Prattville bullying meeting brings awareness to problem

Keynote speakers Tina Meier and Jessica Brookshire

Posted by on Mar 11th, 2010 and filed under News. You can follow any responses to this entry through the RSS 2.0. Both comments and pings are currently closed.

Tina Meier, Jessica Brookshire, and Prattville Mayor jim Byard Jr. - Photo by Marc Parker

Tina Meier, Jessica Brookshire, and Prattville Mayor jim Byard Jr. - Photo by Marc Parker

Prattville – The sanctuary of First United Methodist Church in Prattville was filled to capacity last night with parents, children, school and law enforcement officials, and concerned citizens, to learn and discuss the issues of bullying.

Prattville Mayor Jim Byard Jr. stated that although the presentation was timely due to a website constructed recently to promote “juicy” gossip among students, it was not formed for that purpose.

“Prattville is having a Town Hall meeting because Jessica Bookshire, whose platform is K.A.R.M.A., came to the city months ago, saying that she had met a woman whose daughter was cyber bullied and ended up committing suicide,” Byard announced. “She wanted to bring that lady to Prattville and we immediately thought that was a pretty good idea.”

“We’ve all been bullied a time or two to our face or in some aspect.” he said.

The forum featured speakers Miss Fountain City Jessica Brookshire and Tina Meier, a Missouri mom who lost her teenage daughter to suicide after being ridiculed on MySpace, a social interaction website on the Internet.

Brookshire spoke first about the origin of her K.A.R.M.A. platform.

“K.A.R.M.A. was born because, as a public speaker, I was assigned to speak to schools and my platform was breast cancer awareness,” she said. “Well, you can’t really talk to fourth graders about that.”

Miss Fountain City continued to talk about her personal experiences with school bullies.

“It started when I was about seven years old and I started getting picked on for having too many freckles and being too short,” Brookshire began. “Then when I was eight a little boy called me ugly … went home that day and looked in the mirror and said, ‘So, this is ugly.’”

“It got worse later … they would invite people all around me to parties and tell me that I could not come.”
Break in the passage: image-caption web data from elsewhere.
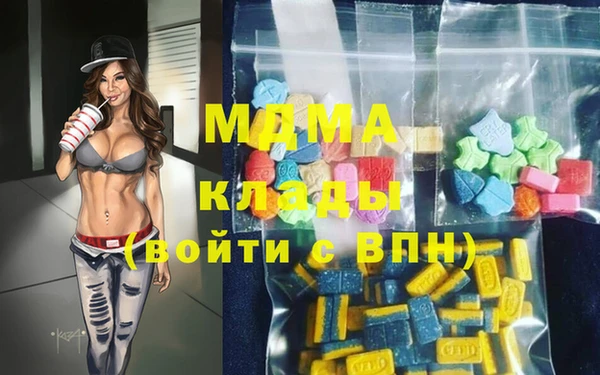 первитин Абаза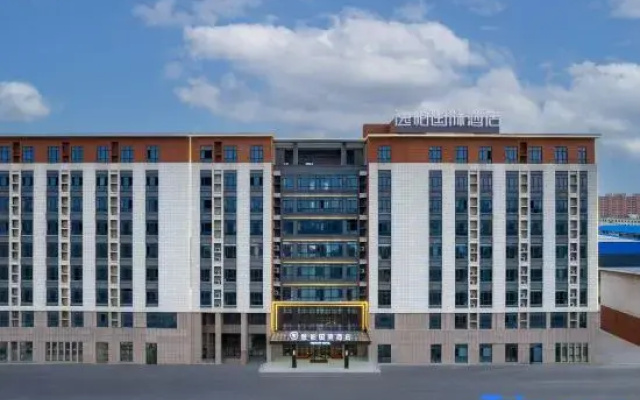 Yibai International Hotel (Shenxian Convention and Exhibition Square Branch)
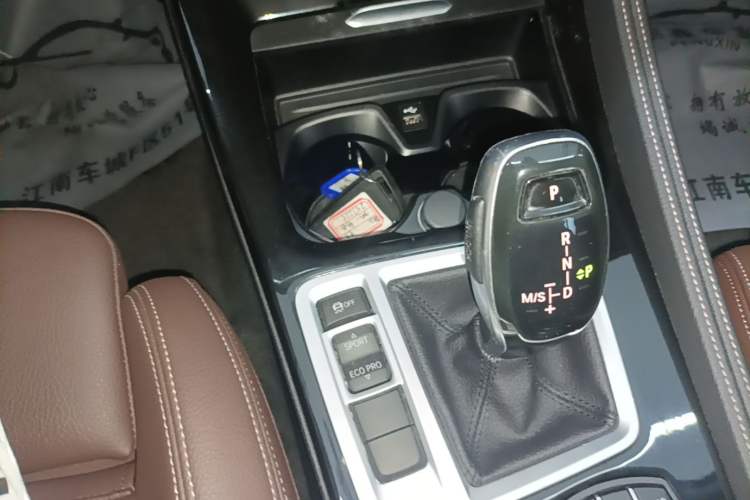 Used BMW 1 Series 2021 125i M Sport Night Edition Gear Lever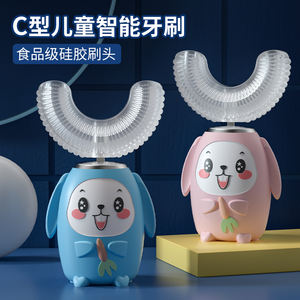 <span class=keywords><strong>Brosse</strong></span> à Dents Électrique en <span class=keywords><strong>Bois</strong></span> de Lithium, Bambou, Led, avec Capteur de Pression - Product Image 3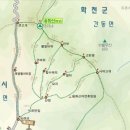 3월 넷째주 토요일 ^^춘천용화산 시산제산행^^ 회원님들과 함께 합니다 이미지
Brookshire credited her family for helping her through the difficult times and for giving her the strength to stand up in front of people to tell her personal account.

Meier took the stage next to tell her story about finding Megan hanging in her closet just a few days shy of her fourteenth birthday.
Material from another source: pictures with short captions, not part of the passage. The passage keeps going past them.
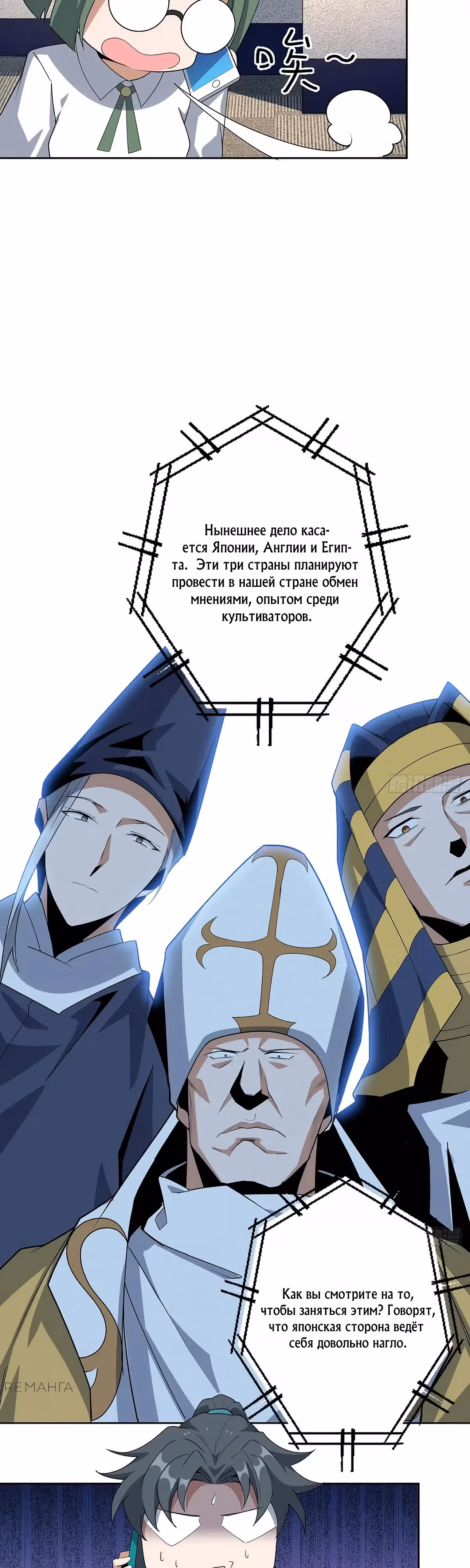 Первый меч земли — Том 1 · Глава 86, страница 16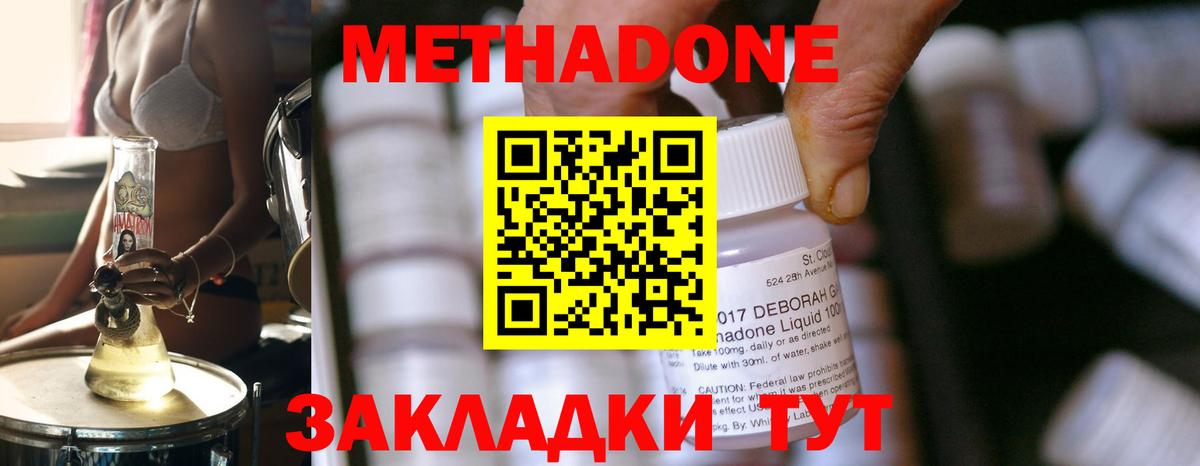Метадон methadone Владивосток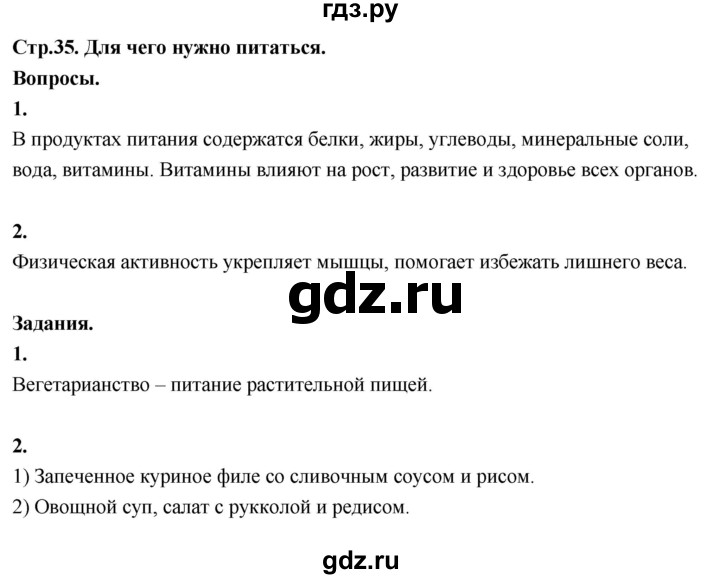 ГДЗ по окружающему миру 3 класс  Поглазова   часть 2. страница - 35, Решебник 2022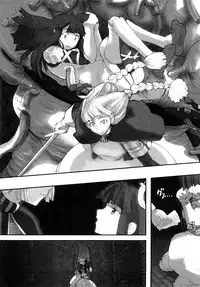 [A-10] Load of Trash Kanzenban Ch. 1-3 [Chinese] [沒有漢化]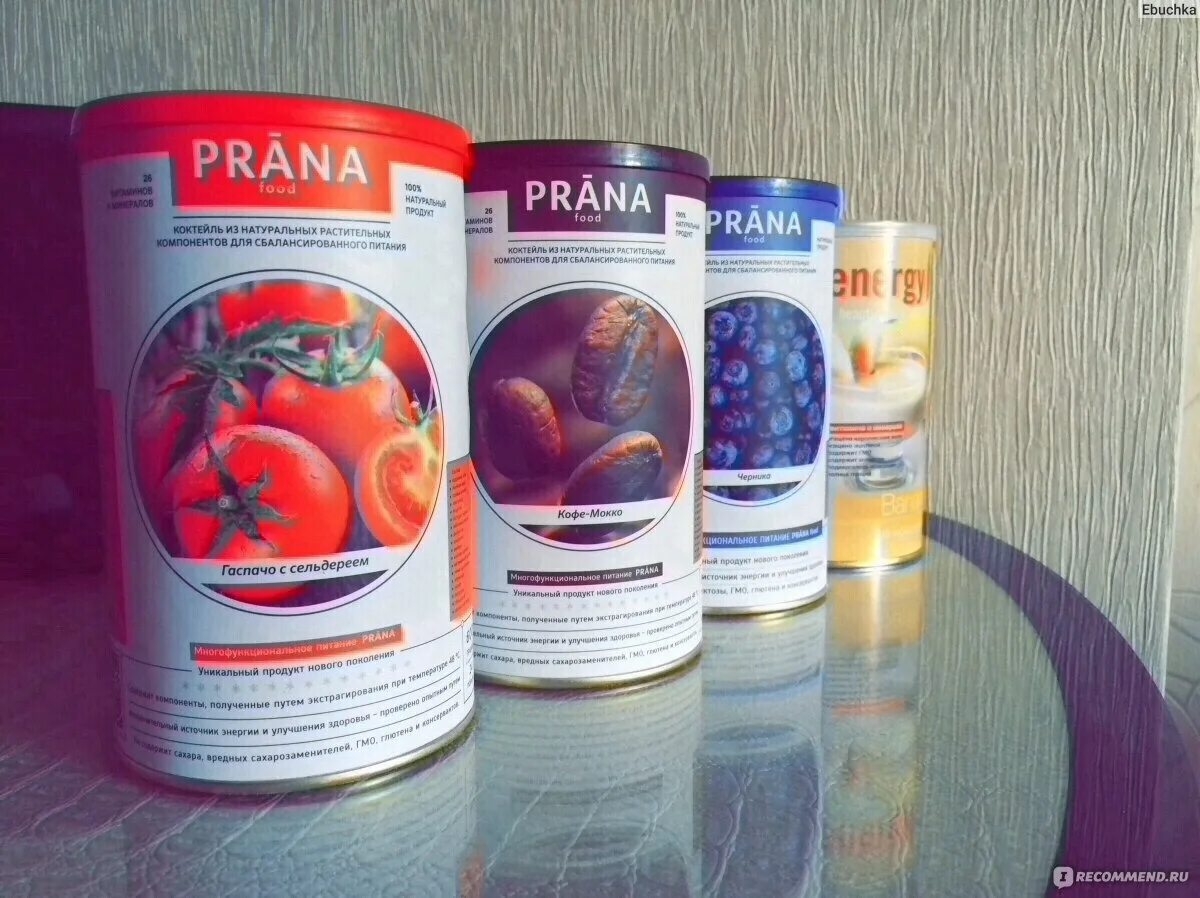 Напиток Прана. Prana food отзывы. Prana коктейли 2009. Диета Прана.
Tina Meier - Photo by Marc Parker

Tina Meier - Photo by Marc Parker

“As a parent, there are no words to describe it. It tears your heart from the inside out.”
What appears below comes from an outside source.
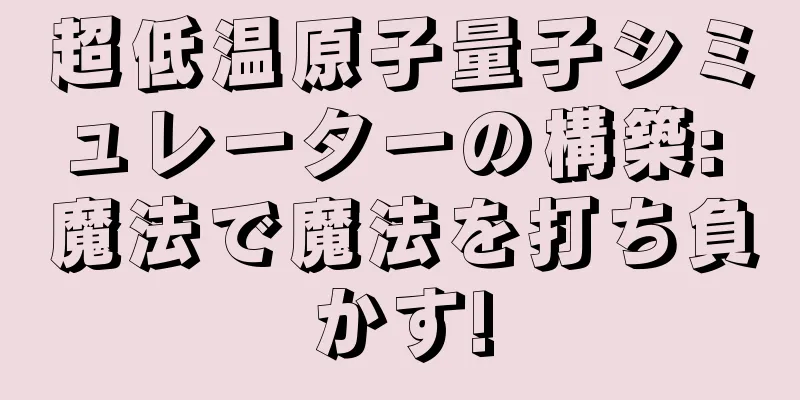 超低温原子量子シミュレーターの構築: 魔法で魔法を打ち負かす!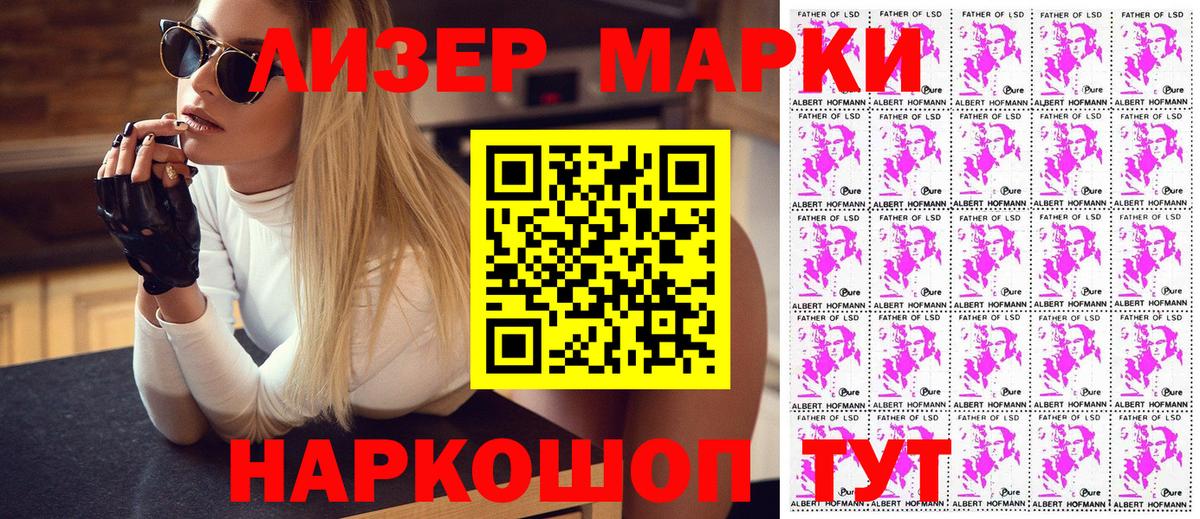 Нижнеудинск  Конопля  Гашиш  Купить наркотик  Вход с VPN  МЕФ кристаллы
Prior to her suicide, Megan had been exchanging messages with someone whom she thought to be a sixteen-year-old boy named Josh Evans on the social networking site MySpace. It was only after Megan’s death that her parents discovered it was actually an adult using a fabricated account. This adult had written cruel explicit messages to Megan on MySpace just hours before she died.

Meir warned parents of the dangers of these Internet sites and advised that every precaution be made to protect the child’s privacy and safety, especially now when social networking sites are so popular.

“At the end of the day when you go home it is a computer with a screen with somebody’s name and somebody who you think you know,” she said. “But, you don’t truly know who you’re talking to unless you are face-to-face with that person.”

“So if you think you know this person and you have their personal information, you need to call them on the phone.”

At the close of her comments, a question and answer session was held. A couple of impassioned parents in the audience relayed their experiences with bullying in local schools and the Campus Gossip website was also discussed. A statement was made that the site contained only about a handful of writings by Prattville High School students and by no means reflected the majority.

After the meeting, Byard said he was pleased about the evening’s activities.

“There was a lot of emotion tonight,” he said. “A lot of folks expressed their opinions; good, bad, and indifferent … and that’s important to have.”

“I think it shows a lot about our community that our law enforcement officials and school officials are here to hear what is on folks’ minds. This is where it all begins for folks,” the mayor continued.

Meier travels the United States as a keynote speaker sharing her story and giving presentations on bullying and cyber-bullying to schools, conferences, parent/educator programs, and special events. She, along with Brookshire and the mayor are meeting with Governor Bob Riley and Senator Wendell Mitchell on Thursday to discuss possible cyber-bullying legislation.